Not only list, but also tuple, set, range, and other iterable objects can be operated.

print(1 in (0, 1, 2))
# True

print(1 in {0, 1, 2})
# True

print(1 in range(3))
# True
source: in_basic.py

The dictionary (dict) and the string (str) are described later.

With if statement

in returns a bool value (True, False) and can be used directly in if statement.

l = [0, 1, 2]
i = 0

if i in l:
    print('{} is a member of {}.'.format(i, l))
else:
    print('{} is not a member of {}.'.format(i, l))
# 0 is a member of [0, 1, 2].
source: in_basic.py
l = [0, 1, 2]
i = 100

if i in l:
    print('{} is a member of {}.'.format(i, l))
else:
    print('{} is not a member of {}.'.format(i, l))
# 100 is not a member of [0, 1, 2].
source: in_basic.py

Note that lists, tuples, strings, etc. are evaluated as False if they are empty, and as True if they are not. If you want to check whether an object is empty or not, you can use the object as it is.

l = [0, 1, 2]

if l:
    print('not empty')
else:
    print('empty')
# not empty
source: in_basic.py
l = []

if l:
    print('not empty')
else:
    print('empty')
# empty
source: in_basic.py

See also the following articles for truth value testing for each type.

"in" for the dictionary (dict)

The in operation for the dictionary (dict) tests on the key.

d = {'key1': 'value1', 'key2': 'value2', 'key3': 'value3'}

print('key1' in d)
# True

print('value1' in d)
# False
source: in_basic.py

Use values(), items() if you want to test on values or key-value pairs.

print('value1' in d.values())
# True

print(('key1', 'value1') in d.items())
# True

print(('key1', 'value2') in d.items())
# False
source: in_basic.py

See the following article for details.

"in" for the string (str)

The in operation for the string (str) tests the existence of a substring.

print('a' in 'abc')
# True

print('x' in 'abc')
# False

print('ab' in 'abc')
# True

print('ac' in 'abc')
# False
source: in_basic.py

not in (negation of "in")

x not in y returns the negation of x in y

print(10 in [1, 2, 3])
# False

print(10 not in [1, 2, 3])
# True
source: in_basic.py

The same result is returned by adding not to the entire in operation.

print(not 10 in [1, 2, 3])
# True
source: in_basic.py

However, if you add not to the entire in operation, it will be interpreted in two ways, as shown below, so it is recommended to use the more explicit not in.

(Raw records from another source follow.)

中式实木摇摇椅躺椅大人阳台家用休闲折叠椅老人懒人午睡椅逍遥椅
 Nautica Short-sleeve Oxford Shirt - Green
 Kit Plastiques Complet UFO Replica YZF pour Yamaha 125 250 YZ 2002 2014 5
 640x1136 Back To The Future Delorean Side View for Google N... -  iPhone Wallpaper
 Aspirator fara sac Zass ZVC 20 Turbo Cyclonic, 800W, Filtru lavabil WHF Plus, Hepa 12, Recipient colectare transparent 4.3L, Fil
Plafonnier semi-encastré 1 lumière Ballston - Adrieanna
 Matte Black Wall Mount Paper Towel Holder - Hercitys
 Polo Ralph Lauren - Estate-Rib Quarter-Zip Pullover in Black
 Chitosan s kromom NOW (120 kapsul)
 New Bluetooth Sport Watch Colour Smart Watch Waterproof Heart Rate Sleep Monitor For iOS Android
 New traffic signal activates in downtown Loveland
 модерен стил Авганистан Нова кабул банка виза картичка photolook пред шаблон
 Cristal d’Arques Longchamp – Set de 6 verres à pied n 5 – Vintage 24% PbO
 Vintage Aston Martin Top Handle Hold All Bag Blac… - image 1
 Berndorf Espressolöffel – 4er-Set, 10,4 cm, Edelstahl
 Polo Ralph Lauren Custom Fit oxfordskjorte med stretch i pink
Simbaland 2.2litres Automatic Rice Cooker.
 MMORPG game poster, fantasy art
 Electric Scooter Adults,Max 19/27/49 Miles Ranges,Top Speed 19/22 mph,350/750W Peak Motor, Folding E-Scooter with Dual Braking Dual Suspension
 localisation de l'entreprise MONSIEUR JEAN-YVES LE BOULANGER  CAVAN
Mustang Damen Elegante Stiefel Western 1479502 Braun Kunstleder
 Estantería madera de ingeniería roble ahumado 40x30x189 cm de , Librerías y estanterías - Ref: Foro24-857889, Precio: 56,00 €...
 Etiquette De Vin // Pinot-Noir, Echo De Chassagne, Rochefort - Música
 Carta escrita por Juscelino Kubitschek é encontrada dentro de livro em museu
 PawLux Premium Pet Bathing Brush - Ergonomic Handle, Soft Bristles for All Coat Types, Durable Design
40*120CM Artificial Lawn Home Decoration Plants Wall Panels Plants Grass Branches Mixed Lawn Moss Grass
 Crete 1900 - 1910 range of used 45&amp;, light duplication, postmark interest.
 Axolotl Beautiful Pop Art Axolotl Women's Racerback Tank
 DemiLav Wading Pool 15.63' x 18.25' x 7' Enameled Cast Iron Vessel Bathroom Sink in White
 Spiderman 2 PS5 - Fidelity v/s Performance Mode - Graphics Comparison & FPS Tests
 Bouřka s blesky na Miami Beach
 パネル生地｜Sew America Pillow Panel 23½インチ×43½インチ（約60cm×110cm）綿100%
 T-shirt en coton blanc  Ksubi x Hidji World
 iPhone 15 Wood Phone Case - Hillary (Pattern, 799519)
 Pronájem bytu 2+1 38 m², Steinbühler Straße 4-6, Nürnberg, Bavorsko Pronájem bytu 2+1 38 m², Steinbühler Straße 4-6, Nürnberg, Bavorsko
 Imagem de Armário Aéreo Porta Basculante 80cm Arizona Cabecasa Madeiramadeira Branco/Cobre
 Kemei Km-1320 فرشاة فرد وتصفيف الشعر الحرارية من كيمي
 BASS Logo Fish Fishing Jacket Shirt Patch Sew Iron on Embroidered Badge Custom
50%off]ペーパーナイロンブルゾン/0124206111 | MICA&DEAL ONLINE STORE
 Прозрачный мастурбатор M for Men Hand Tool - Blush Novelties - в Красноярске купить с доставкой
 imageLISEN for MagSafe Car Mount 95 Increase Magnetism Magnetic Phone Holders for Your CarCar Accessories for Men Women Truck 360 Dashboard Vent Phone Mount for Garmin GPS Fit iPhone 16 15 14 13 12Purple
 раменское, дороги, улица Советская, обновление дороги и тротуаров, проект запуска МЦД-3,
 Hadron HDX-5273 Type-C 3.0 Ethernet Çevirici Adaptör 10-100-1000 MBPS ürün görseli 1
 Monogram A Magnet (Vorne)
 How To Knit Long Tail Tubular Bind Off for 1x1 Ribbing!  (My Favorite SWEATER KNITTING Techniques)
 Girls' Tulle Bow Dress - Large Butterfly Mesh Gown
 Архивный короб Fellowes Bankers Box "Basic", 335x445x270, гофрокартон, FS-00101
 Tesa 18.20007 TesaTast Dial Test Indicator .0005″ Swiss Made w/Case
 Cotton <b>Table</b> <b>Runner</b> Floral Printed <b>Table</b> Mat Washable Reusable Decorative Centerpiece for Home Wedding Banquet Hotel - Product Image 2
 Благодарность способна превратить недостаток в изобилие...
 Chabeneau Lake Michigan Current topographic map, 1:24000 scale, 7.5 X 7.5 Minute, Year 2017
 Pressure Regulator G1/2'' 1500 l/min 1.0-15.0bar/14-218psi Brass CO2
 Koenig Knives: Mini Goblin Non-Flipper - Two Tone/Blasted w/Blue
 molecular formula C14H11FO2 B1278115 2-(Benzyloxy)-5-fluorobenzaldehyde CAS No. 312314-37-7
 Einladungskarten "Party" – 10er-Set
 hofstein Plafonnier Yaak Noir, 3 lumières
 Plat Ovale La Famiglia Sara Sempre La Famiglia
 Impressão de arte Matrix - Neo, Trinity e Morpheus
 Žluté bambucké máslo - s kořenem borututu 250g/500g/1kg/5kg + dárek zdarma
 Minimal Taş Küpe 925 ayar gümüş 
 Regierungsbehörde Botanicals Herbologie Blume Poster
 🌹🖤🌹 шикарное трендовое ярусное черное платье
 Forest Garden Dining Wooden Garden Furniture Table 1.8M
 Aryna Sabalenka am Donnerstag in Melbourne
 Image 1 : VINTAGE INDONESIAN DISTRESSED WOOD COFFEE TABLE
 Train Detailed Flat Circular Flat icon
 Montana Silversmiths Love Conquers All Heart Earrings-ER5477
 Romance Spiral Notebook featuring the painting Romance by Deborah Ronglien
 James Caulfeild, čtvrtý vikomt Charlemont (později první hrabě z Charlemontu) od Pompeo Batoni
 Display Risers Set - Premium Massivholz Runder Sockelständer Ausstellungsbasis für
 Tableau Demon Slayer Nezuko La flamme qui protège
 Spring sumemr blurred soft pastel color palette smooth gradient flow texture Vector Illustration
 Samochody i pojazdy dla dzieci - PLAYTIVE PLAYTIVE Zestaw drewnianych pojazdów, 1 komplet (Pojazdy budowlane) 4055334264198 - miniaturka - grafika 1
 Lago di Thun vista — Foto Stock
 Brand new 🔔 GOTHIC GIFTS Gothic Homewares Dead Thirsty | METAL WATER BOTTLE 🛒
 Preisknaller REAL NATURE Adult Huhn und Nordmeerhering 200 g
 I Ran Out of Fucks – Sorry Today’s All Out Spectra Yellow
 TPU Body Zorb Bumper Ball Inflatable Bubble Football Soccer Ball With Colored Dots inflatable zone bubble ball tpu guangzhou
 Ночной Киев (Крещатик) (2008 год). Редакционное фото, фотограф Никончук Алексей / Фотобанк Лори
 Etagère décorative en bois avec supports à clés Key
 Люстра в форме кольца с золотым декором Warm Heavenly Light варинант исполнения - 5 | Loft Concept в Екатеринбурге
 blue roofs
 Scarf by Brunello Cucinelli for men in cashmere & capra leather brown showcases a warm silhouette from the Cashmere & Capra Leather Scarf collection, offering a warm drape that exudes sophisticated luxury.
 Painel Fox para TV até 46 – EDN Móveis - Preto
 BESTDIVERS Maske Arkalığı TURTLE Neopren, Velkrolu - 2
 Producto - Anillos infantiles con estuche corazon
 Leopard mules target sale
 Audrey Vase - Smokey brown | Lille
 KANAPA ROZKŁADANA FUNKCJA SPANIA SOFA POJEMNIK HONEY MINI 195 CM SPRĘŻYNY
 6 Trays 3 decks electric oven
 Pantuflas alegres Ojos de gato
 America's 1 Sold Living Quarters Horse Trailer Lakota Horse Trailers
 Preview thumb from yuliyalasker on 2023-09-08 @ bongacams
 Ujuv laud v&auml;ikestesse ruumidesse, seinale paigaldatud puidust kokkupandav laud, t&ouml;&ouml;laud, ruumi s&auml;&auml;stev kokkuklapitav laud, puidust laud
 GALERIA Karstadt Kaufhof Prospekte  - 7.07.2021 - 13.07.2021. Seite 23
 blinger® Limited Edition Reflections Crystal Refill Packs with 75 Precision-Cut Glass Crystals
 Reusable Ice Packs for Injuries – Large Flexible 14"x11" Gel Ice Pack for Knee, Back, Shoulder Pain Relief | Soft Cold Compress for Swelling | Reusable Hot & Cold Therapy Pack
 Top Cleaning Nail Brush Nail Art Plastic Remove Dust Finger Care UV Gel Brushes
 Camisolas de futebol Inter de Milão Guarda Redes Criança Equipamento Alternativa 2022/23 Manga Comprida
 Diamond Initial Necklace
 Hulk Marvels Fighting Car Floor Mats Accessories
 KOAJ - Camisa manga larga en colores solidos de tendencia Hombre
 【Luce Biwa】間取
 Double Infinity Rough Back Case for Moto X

print(not (10 in [1, 2, 3]))
# True

print((not 10) in [1, 2, 3])
# False
source: in_basic.py

Since in has a higher precedence than not, it is treated as the former if there are no parentheses.

The latter case is recognized as follows.

print(not 10)
# False

print(False in [1, 2, 3])
# False
source: in_basic.py

"in" for multiple elements

If you want to check if multiple elements are included, using a list of those elements as follows will not work. It will be tested whether the list itself is included or not.

print([0, 1] in [0, 1, 2])
# False

print([0, 1] in [[0, 1], [1, 0]])
# True
source: in_basic.py

Use and, or or sets.

Use and, or

Combine multiple in operations using and and or. It will be tested whether both or either are included.

l = [0, 1, 2]
v1 = 0
v2 = 100

print(v1 in l and v2 in l)
# False

print(v1 in l or v2 in l)
# True

print((v1 in l) or (v2 in l))
# True
source: in_basic.py

Since in and not in have higher precedence than and and or, parentheses are not necessary. Of course, if it is difficult to read, you can enclose it in parentheses as in the last example.

Use sets

If you have a lot of elements you want to check, it is easier to use the set than and, or.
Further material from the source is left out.